In C99 we can use compound literals as unnamed array.
But are this literals constants like for example 100, 'c', 123.4f, etc.
I noticed that I can do:
((int []) {1,2,3})[0] = 100;
and, I have no compilation error and is guessable that the first element of that unnamed array is modified with 100.
So it seems as array as compound literal are lvalue and not constant value.

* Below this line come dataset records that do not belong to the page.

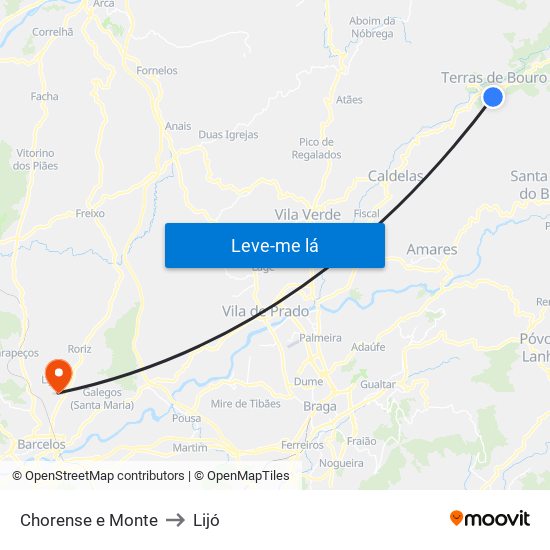 Chorense e Monte to Lijó map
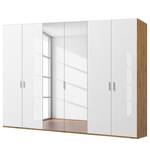 Drehtürenschrank SKØP pure gloss reflect Hochglanz Weiß / Eiche Artisan Dekor - 270 x 222 cm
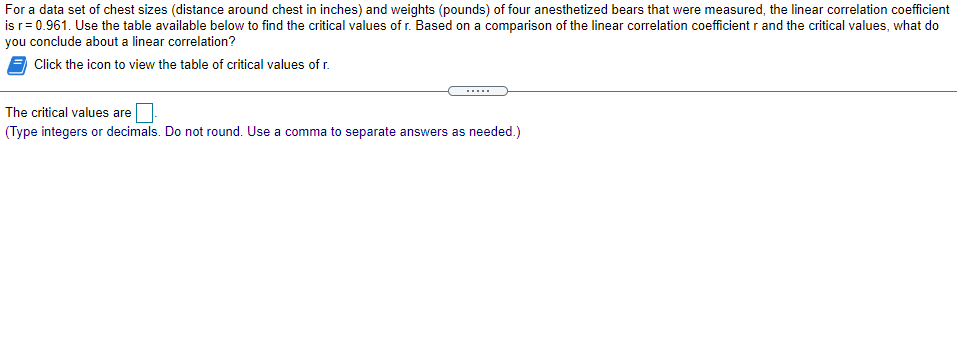 For a data set of chest sizes (distance around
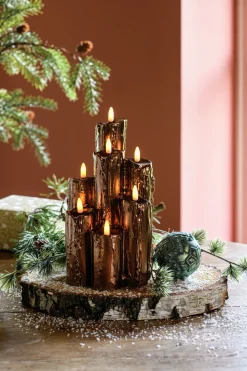 Anna's Collection LED Stumpenkerze bronze 15 x 15 x 25 cm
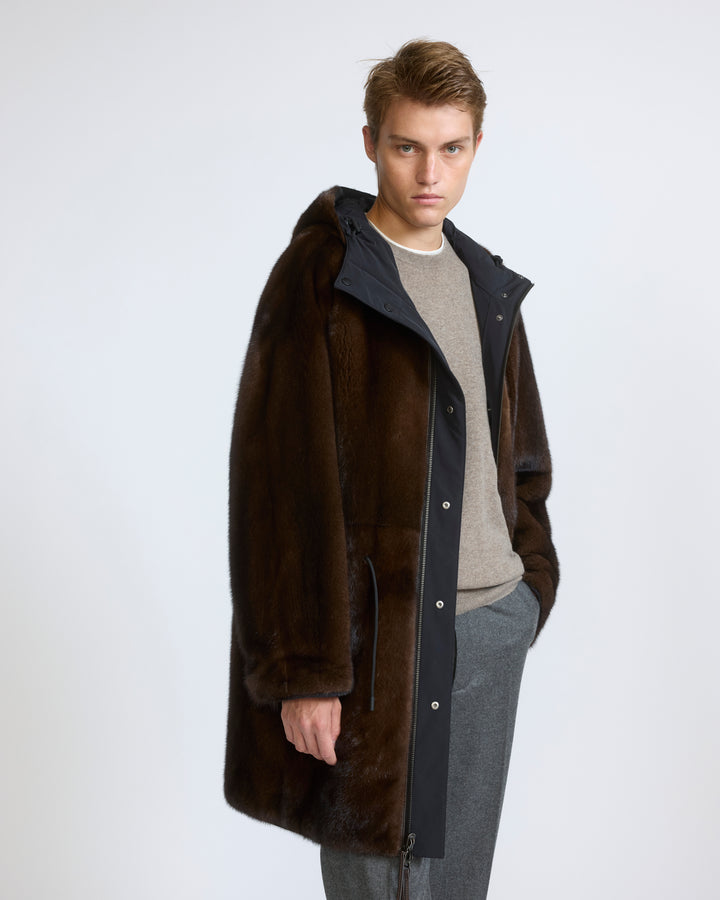 Reversible long-haired mink fur and technical fabric parka - Yves Salomon - New Fall/Winter Collection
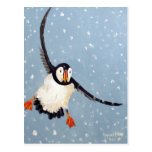 "A Playful Puffin" Vertical Postcard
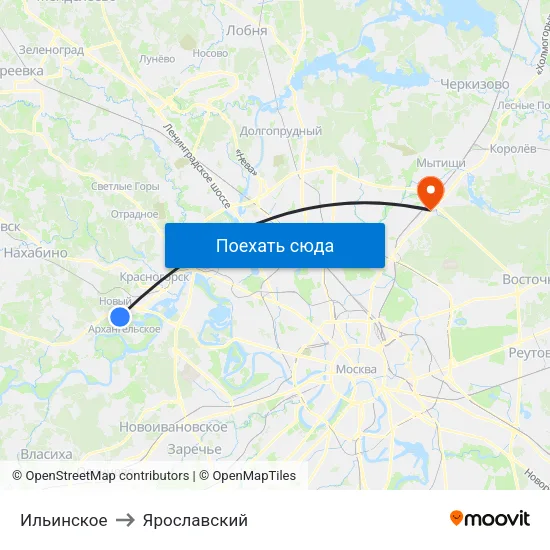 Ильинское to Ярославский map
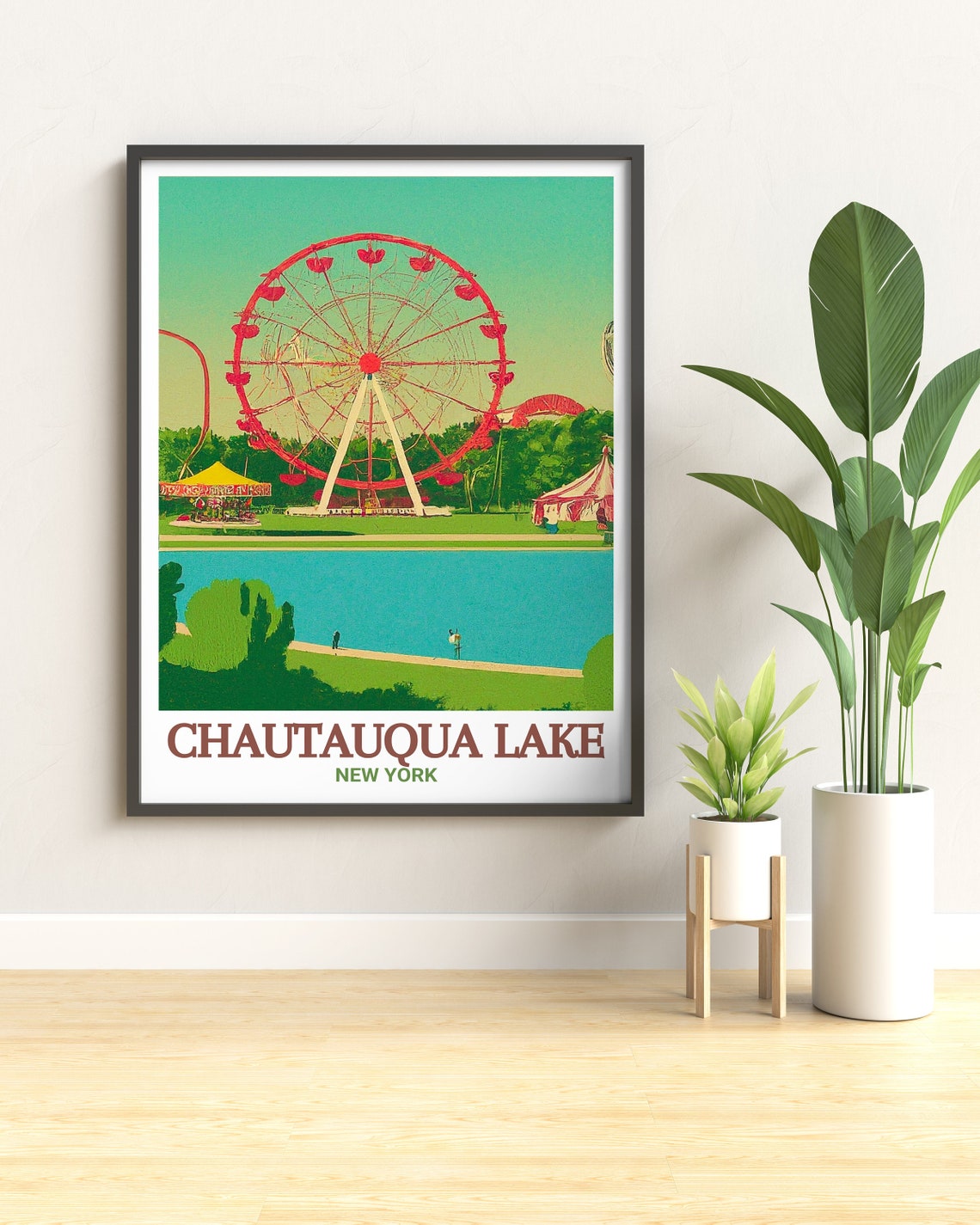 Chautauqua Lake New York Ferris Wheel Retro Park Scene Poster - Image 2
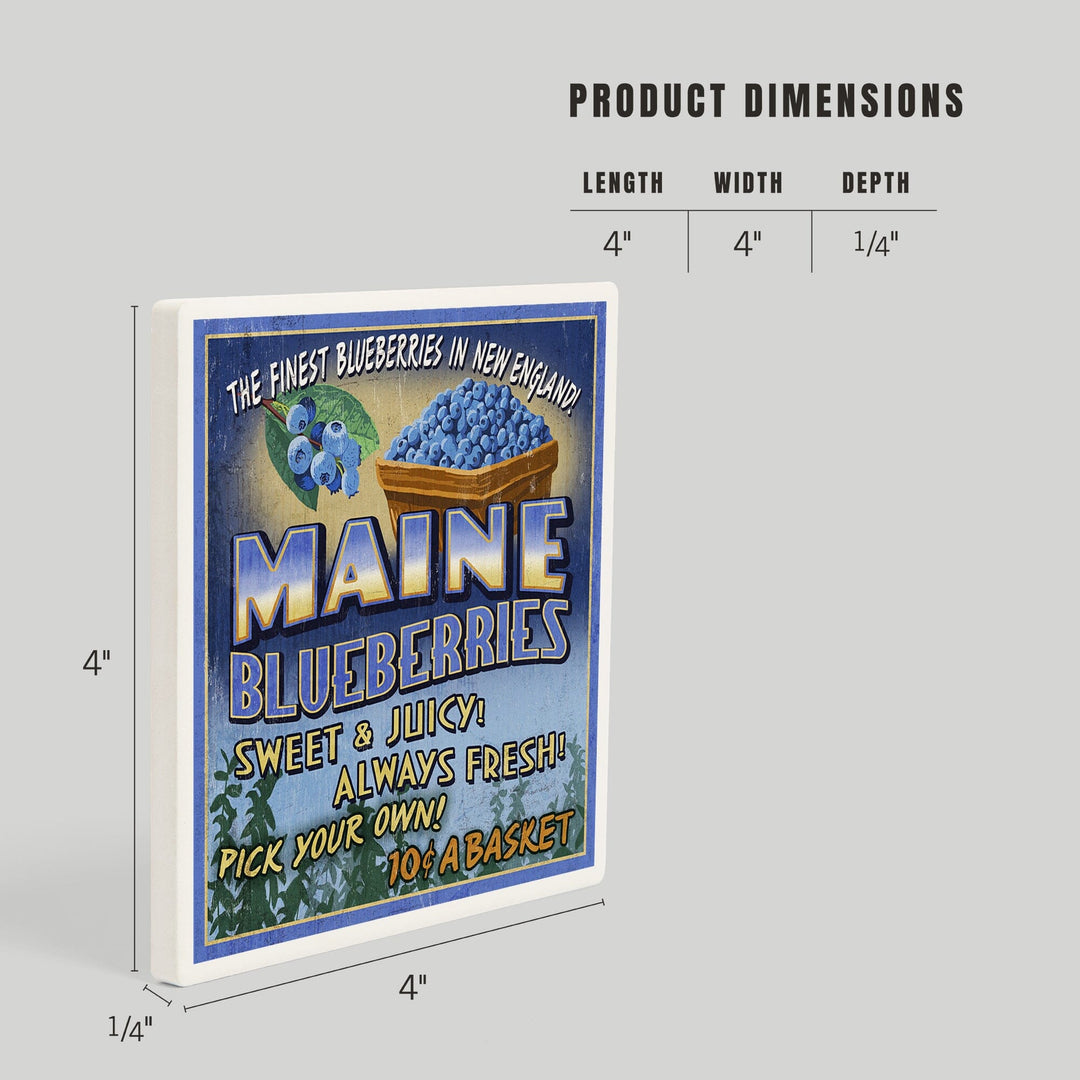 Maine, Blueberries Vintage Sign, Coasters Coasters Lantern Press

It is an lvalue, we can see this if we look at the draft C99 standard section 6.5.2.5 Compound literals it says (emphasis mine):
If the type name specifies an array of unknown size, the size is
determined by the initializer list as specified in 6.7.8, and the type
of the compound literal is that of the completed array type. Otherwise
(when the type name specifies an object type), the type of the
compound literal is that specified by the type name. In either case,
the result is an lvalue.
If you want a const version, later on in the same section it gives the following example:
EXAMPLE 4 A read-only compound literal can be specified through
constructions like:
(const float []){1e0, 1e1, 1e2, 1e3, 1e4, 1e5, 1e6}
We can find an explanation of the terminology in this Dr Dobb's article The New C: Compound Literals and says:
Compound literals are not true constants in that the value of the
literal might change, as is shown later. This brings us to a bit of
terminology. The C99 and C90 Standards [2, 3] use the word “constant”
for tokens that represent truly unchangeable values that are
impossible to modify in the language. Thus, 10 and 3.14 are an integer
decimal constant and a floating constant of type double, respectively.
The word “literal” is used for the representation of a value that
might not be so constant. For example, early C implementations
permitted the values of quoted strings to be modified. C90 and C99
banned the practice by saying that any program than modified a string
literal had undefined behavior, which is the Standard’s way of saying
it might work, or the program might fail in a mysterious way. [...]
As far I remeber you are right, compound literals are lvalues*, you can also take pointer of such literal (which points to its first element):
int *p = (int []){1, 2, 3};
*p = 5; /* modified first element */
It is also possible to apply const qualifier on such compound literal, so elements are read-only:
const int *p = (const int []){1, 2, 3};
*p = 5; /* wrong, violation of `const` qualifier */
*Note this not means it's automatically modifiable lvalue (so it can used as left operand for assignment operator) since it has array type and refering to C99 draft 6.3.2.1 Lvalues, arrays, and function designators:
A modifiable lvalue is an lvalue that does not have array type, [...]
Referring to the C11 standard draft N1570:
Section 6.5.2.5p4:
In either case, the result is an lvalue.
An "lvalue" is, roughly, an expression that designates an object -- but it's important to note that not all lvalues are modifiable. A simple example:
const int x = 42;
The name x is an lvalue, but it's not a modifiable lvalue. (Expressions of array type cannot be modifiable lvalues, because you can't assign to an array object, but the elements of an array may be modifiable.)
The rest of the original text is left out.